Problem: The laundry detergent market is congested and stagnant. New entrants are rare. Locals are even more rare. Multinational brands thematise and shape the sector, making it static: common shapes, colours and designs have been dominating for decades. Brief: Creation of the shape, image, design and visual world of a new, Hungarian line of laundry detergents and softeners, which are progressive, revolutionary and bold. Launching the products in the Hungarian market, through the Tesco chain. Objectives: Raising awareness of the new line of products. Motivating consumers to try them and buy them again; to generate sales. Grabbing a bite from the market, challenging multinational players. Showing the power of locality in the 21st century.

Whenever the words ‘laundry detergents’ are told, nearly everyone thinks about the same image all over the world. As a true game-changer, that’s what Souldrops revolutionises. The iconic shape and cutting-edge style are in fusion with Hungarian thinking and international trends: the creators reimagined a bottle shape typical in the local culture, painted it in pastel colours, and made them trendsetter. Globally. Souldrops is not a rare handicraft product of a small, family manufacture – however, it still becomes artisan in mainstream environment. It is produced as a uniquely designed detergent brand for the general market that breaks all existing rules and conventions, and will appear in every bathroom in the region.

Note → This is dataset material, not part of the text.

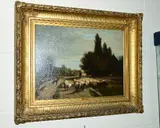 Village scene with figures, shepherd and sheep, oil on by Joseph Foxcroft Cole, oil, sold Jul 2018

The design symbolises the philosophy of purity and simplicity, the one-of-a-kind shapes and colours make them stand out from the mass. Our goal was to create products that customers will instantly recognise that Souldrops consciously rejects the communication clichés everyone is tired of. With the dogmatic International Typographic Style, where lettering and lines are design elements themselves, we concentrated on comprehensibility, transparency and clarity. We’ve opted for labeling the bottles with screen-printing instead of using vinyl stickers. Furthermore, the bottles became matte, and were given mellow pastel colours. Numbering on the bottles further emphasis transparency, as all numbers indicate the product’s subcategories.

As the line has only been in stores for 2 months, relevant data are not available yet. However, there are promising signs. No communication campaigns have been conducted , however, Souldrops still earned significant unpaid PR publicity. Although the brand has not started any social media activities yet either, many users tag their pictures of the products on social. Self-proclaimed ambassadors and prominent women’s magazines promote the products, all for free, while the most acclaimed design websites (Packaging of the World, The Dieline, etc.) published articles about the cutting-edge design. The factory had to increase its capacity to serve the orders of the Tesco chain. The product line will be launched in 3 more countries in 2 months.